The rest of the show mostly advanced a lot of plots without doing anything else of note besides that.  Jason Jordan couldn't beat Adam Rose in NXT at this point if he was armed and Rose had spent the past two hours before their match stroking the furry wall.  That makes him about as competent as Xavier Woods, who spent his last moments prereforming the Nation of Domination losing to CJ Parker in a botched finish that should've but didn't involve cheating.  Being out of position a bit is forgivable occasionally but not when one is ostensibly supposed to be using the ropes for leverage in the finish.   And what could've been an instant classic in the Jersey Boyz v. the Vaudevillains was marred by the INTERRUPTING DIFFERENT THEME MUSIC trope, even if it did lead to the first actual moment of villainry from the strongmen with Simon rolling up Cass with a fistful of tights.

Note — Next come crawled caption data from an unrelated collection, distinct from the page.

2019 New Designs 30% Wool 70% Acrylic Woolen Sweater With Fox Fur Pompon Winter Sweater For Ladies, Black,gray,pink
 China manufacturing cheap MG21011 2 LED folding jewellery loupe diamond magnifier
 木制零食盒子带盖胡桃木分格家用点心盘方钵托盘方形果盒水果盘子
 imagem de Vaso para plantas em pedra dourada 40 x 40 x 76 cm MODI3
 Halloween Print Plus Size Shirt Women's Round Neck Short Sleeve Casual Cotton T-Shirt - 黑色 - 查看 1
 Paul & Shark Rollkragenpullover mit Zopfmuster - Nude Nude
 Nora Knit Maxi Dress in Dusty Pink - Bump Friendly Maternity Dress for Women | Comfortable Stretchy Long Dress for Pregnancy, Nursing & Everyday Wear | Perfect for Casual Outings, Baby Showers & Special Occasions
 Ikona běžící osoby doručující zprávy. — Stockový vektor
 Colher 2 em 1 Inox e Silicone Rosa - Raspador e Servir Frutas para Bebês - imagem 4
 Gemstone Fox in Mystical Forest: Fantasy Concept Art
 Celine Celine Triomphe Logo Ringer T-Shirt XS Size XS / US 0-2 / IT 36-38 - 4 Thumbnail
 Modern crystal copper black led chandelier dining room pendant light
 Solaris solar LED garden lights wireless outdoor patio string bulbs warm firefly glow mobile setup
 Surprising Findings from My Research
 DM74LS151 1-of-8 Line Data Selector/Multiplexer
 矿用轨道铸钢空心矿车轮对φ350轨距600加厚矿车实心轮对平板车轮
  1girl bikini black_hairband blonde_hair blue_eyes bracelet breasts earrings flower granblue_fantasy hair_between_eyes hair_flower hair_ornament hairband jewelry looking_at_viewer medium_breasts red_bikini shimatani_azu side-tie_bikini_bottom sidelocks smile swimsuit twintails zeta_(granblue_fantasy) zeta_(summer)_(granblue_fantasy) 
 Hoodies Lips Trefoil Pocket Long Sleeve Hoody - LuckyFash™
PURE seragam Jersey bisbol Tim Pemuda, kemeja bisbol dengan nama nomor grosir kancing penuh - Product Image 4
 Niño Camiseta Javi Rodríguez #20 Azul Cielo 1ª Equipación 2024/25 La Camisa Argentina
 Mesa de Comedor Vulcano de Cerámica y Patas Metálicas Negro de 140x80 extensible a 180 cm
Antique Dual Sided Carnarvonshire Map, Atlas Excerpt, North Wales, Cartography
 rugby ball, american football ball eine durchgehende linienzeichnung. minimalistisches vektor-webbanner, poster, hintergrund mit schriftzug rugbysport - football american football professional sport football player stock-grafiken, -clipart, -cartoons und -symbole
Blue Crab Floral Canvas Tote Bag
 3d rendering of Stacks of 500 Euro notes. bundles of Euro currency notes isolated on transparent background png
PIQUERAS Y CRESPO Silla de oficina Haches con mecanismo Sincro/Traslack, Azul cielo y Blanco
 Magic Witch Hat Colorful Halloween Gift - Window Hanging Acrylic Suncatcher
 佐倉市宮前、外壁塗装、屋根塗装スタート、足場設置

So the next best moment on the show from an in-ring standpoint was the Assassination of the Fairie Alexa Bliss By The Boss Sasha Banks.  While she's well on her way to a main roster spot in the future, Bliss has two moves: a tilt-a-whirl small package and a surprise rollup.  Also, there's the fact Muggsy Bogues has about 4" and 25 pounds on her; ergo, once Bliss started off the match with her moves what occurred next was Sasha reminding the audience how she bestowed the moniker Boss on herself with a driver's-seat view of a through non-literal kicking in, both with wrestling and cheating before cutting off a potential rally with an absolutely vicious and awesome Backstabber/Crossface doubling-down.  With Summer going against Charlotte it's absolutely mandatory that Banks not get lost in the shuffle of the BFF implosion.  This shouldn't be a Miz/Morrison or Michaels/Jannety situation but something closer to the Shield where everybody who goes forward on their solo roll all get their own delineated corner of the spotlight and back up the character work with good-to-great in-ring work; Banks showed she could easily snap into a bully heel archetype given the right diminutive of an opponent and backed up the compliments given out by Regal and others about how good she is when she's on.

It's not like she's Sami Zayn, but then again, besides him who is?